"Es kann zur Erhellung eines allgemeinen Poesiebegriffs beitragen, wenn man zunächst zwischen natürlicher und künstlicher Poesie unterscheidet. In beiden Fällen arbeitet man mit Worten, ihren Derivationen, die als Deformationen in Bezug auf einen zugrundegelegten Wortraum gedeutet werden können und ihren Folgen, die linear oder flächig angeordnet sind. Für unsere Gesichtspunkte bleibt jedoch die Differenz in der Art der Entstehung das Wesentliche.

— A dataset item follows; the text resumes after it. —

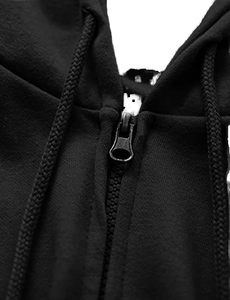 Sudadera con capucha con logotipo de gran tamaño informal para hombre, elegante tela tejida de algodón 100% para otoño, uso diario, fábrica de servicio OEM personalizable - Product Image 3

Unter der natürlichen Poesie wird hier die Art von Poesie verstanden, die [...] ein personales poetisches Bewußtsein [...] zur Voraussetzung hat ein Bewußtsein, das Erlebnisse, Erfahrungen, Gefühle, Erinnerungen, Gedanken, Vorstellungen einer Einbildungskraft etc., kurz eine präexistente Welt besitzt und ihr sprachlichen Ausdruck zu verleihen vermag. [...] Das poetische Bewußtsein in diesem Sinne ist ein prinzipiell transponierendes, nämlich Seiendes in Zeichen, und den Inbegriff dieser Zeichen nennen wir Sprache, sofern sie metalinguistisch eine Ichrelation und einen Weltaspekt besitzt. In dieser natürlichen Poesie hört also das Schreiben nicht auf, eine ontologische Fortsetzung zu sein. [...]

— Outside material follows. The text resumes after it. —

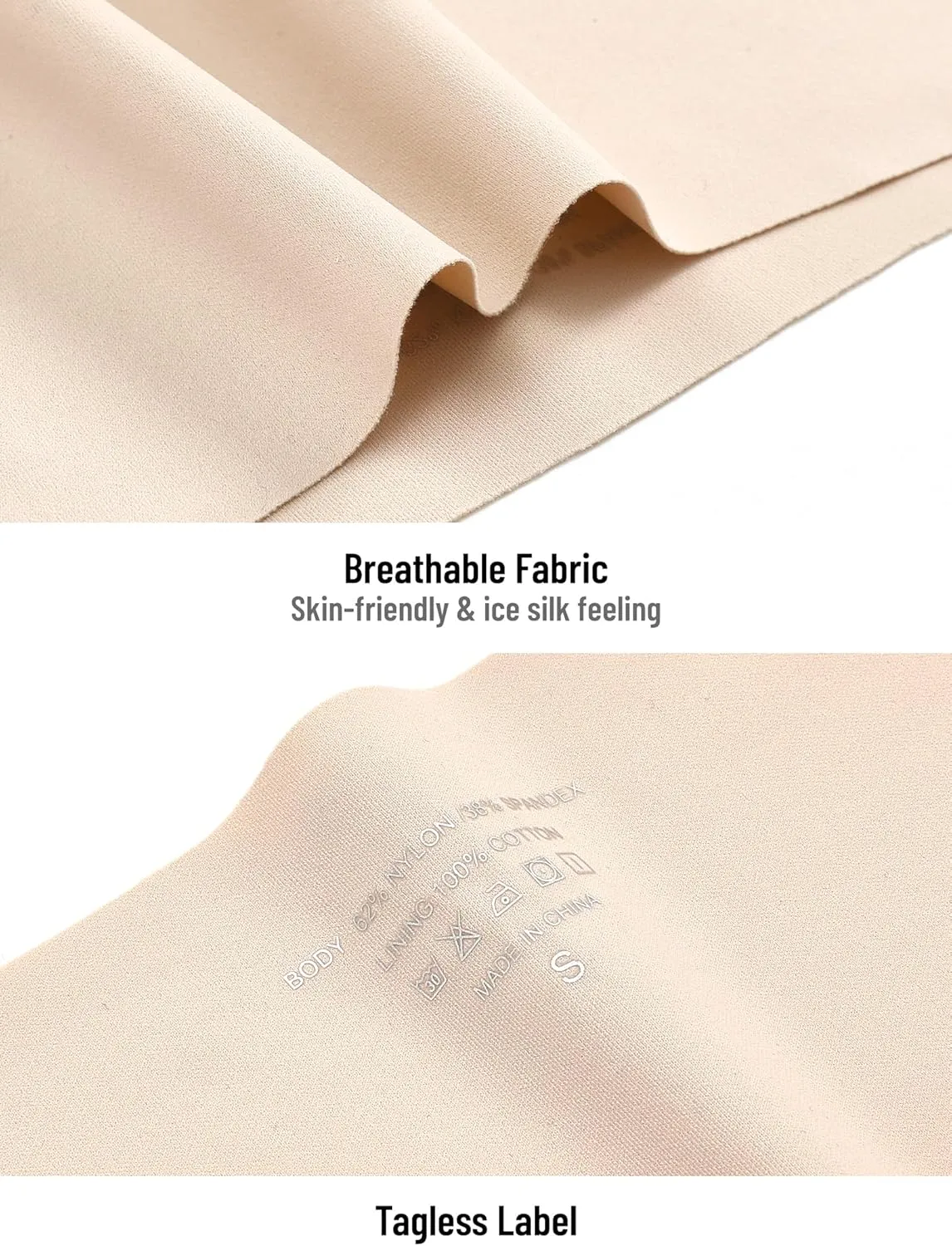 Women's Seamless No-Show Bikini Underwear Comfortable Stretch Invisible Hipster Panties for Everyday Wear 6PACK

Unter der künstlichen Poesie hingegen wird hier eine Art von Poesie verstanden, in der es, sofern sie z.B. maschinell hervorgebracht werde, kein personales poetisches Bewußtsein [...], also keine präexistente Welt gibt, und in der das Schreiben keine ontologische Fortsetzung mehr ist, durch die der Weltaspekt der Worte auf ein Ich bezogen werden könnte. Während also für die natürliche Poesie ein intentionaler Anfang des Wortprozesses charakteristisch ist, kann es für die künstliche Poesie nur einen materialen Ursprung geben".
Max Bense: Über natürliche und künstliche Poesie. In: Theorie der Texte. Köln: Kiepenheuer & Witsch 1962, S. 143 ff. - An weiteren Unterschieden seien noch genannt die Interpretierbarkeit der "natürlichen" und die Nichtinterpretierbarkeit der "künstlichen Poesie", der "Modus der Willkürlichkeit" für die "natürliche" und der "Modus der Unwillkürlichkeit" für die "künstliche Poesie".